The authors write that: “In our analysis we observed a strong association between new onset statin therapy post-diagnosis and improved outcomes among individuals with TNBC. TNBC accounts for 10-20% of all breast cancer diagnoses and is associated with poor prognosis due to the high rate of distant metastases, more limited effective treatment options, poor response rates, and poor treatment durability.”
The study, led by Kevin Nead, MD, was published today in Cancer. While there is previous evidence of an association between breast cancer prognosis and statin use, these researchers say this is the first study adequately powered to investigate this topic specifically for TNBC.
The retrospective study selected patients included in the Surveillance, Epidemiology, and End Results (SEER)-Medicare registry and the Texas Cancer Registry (TCR)-Medicare, two large databases of administrative claims of Medicare-eligible patients. Patients were required to have Medicare Part D prescription coverage to determine their statin use.
This research included 23,192 patients with stage I-III breast cancer, of which 2,281 started a statin within one year following diagnosis (incident statin-users) and 20,911 did not. The median follow-up was 4.4 years for overall survival and 3.3 years (range 0.1-8 years) for breast cancer specific survival. There were 5,327 overall deaths with 1,038 due to breast cancer. The 5-year cumulative estimates of breast cancer specific deaths were 6.0% and 6.8% for incident statin-users and non-statin-users (P=.10), respectively.
The team found a 58% relative improvement in breast cancer-specific survival and a 30% relative improvement in overall survival with statin use. The median follow-up was 3.3 years for breast cancer-specific survival and 4.4 years for overall survival.
“There is already a body of literature on statins and breast cancer and the results have been inconsistent,” Nead said. “Previous research has looked at breast cancer as only one disease, but we know there are many subtypes of breast cancer and we wanted to focus our research on this particularly aggressive form of breast cancer that has limited effective treatment options.”

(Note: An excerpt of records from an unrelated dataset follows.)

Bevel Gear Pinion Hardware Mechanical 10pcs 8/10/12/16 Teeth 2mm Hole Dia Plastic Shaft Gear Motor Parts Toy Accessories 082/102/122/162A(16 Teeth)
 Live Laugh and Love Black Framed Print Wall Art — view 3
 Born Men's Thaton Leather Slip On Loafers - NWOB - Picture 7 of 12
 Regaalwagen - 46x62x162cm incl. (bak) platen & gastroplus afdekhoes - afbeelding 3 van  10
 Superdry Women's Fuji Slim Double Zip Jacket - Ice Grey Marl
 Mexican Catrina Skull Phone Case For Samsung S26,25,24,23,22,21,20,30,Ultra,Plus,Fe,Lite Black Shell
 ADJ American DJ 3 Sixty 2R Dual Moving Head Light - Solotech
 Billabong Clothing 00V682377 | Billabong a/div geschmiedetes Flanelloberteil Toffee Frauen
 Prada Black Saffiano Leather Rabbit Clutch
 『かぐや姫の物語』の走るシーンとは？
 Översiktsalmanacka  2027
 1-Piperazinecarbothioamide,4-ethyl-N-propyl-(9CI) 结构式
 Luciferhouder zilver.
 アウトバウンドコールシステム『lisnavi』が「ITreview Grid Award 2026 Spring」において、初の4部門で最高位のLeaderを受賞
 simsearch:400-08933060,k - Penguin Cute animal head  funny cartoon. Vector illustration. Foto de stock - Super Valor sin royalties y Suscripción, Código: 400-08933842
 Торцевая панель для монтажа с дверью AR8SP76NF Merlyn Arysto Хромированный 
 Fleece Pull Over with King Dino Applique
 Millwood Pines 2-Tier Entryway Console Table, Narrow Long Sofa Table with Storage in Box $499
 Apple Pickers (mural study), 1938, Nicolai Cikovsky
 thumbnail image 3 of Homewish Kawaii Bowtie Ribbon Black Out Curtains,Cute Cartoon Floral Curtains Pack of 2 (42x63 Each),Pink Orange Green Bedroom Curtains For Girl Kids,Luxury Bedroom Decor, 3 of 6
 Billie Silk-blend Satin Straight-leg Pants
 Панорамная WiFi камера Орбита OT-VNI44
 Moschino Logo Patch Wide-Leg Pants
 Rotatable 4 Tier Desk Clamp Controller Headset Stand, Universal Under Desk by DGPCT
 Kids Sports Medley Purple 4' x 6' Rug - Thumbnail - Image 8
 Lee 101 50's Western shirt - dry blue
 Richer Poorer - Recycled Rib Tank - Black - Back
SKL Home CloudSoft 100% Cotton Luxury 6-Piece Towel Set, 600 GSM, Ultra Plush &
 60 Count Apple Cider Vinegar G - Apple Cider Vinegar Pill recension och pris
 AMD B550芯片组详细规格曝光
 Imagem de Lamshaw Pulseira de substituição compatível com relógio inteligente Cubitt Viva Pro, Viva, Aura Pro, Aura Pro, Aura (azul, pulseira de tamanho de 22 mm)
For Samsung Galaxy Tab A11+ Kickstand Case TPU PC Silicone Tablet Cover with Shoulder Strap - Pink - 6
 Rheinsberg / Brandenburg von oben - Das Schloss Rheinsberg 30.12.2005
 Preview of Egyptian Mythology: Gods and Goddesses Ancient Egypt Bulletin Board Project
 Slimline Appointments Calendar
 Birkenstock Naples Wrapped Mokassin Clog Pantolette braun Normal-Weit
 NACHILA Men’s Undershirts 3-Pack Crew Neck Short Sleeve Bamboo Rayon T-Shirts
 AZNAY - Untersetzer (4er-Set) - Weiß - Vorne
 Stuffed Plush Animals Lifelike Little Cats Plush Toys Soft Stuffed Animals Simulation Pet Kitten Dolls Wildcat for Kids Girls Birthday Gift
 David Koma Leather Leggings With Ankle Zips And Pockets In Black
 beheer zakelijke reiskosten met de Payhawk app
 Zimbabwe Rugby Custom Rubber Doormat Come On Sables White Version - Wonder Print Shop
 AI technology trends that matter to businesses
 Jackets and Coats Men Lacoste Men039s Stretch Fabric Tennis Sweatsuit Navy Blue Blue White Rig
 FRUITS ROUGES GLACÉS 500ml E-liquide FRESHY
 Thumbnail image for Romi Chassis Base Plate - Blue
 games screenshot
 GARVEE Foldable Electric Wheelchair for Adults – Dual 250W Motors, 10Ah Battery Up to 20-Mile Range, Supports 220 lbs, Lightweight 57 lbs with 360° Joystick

TNBC is an aggressive disease that makes up roughly 10% to 20% of breast cancer diagnoses. This type of breast cancer does not have any of the receptors that are commonly found in the disease — estrogen or progesterone receptors or HER2 positivity. This results in a highly aggressive breast cancer with poor prognosis and limited treatment options since there are few receptors to actively target with existing therapies.
Of the 23,192 patients enrolled, 2,281 were “incidental statin users,” meaning they started a statin within one year following their breast cancer diagnosis. The incidental statin users were 78.1% white, 8.9% Black, 8.4% Hispanic and 4.5% other.
Analysis by breast cancer stage suggested that the association of incidental statin use with improved outcomes may be stronger in women with early stage TNBC. When examining statin intensity, high-intensity statin use had the strongest effect on overall survival among women with TNBC. Researchers also found a statistically significant association between lipophilic statins (L-statin: simvastatin, atorvastatin, lovastatin, fluvastatin, pitavastatin) and improved overall survival.
“We know that statins decrease breast cancer cell division and increase cell death,” Nead said. “Our study shows that there is an association between statins and improved outcomes in TNBC, and it is time to pursue this idea further in a prospective trial.”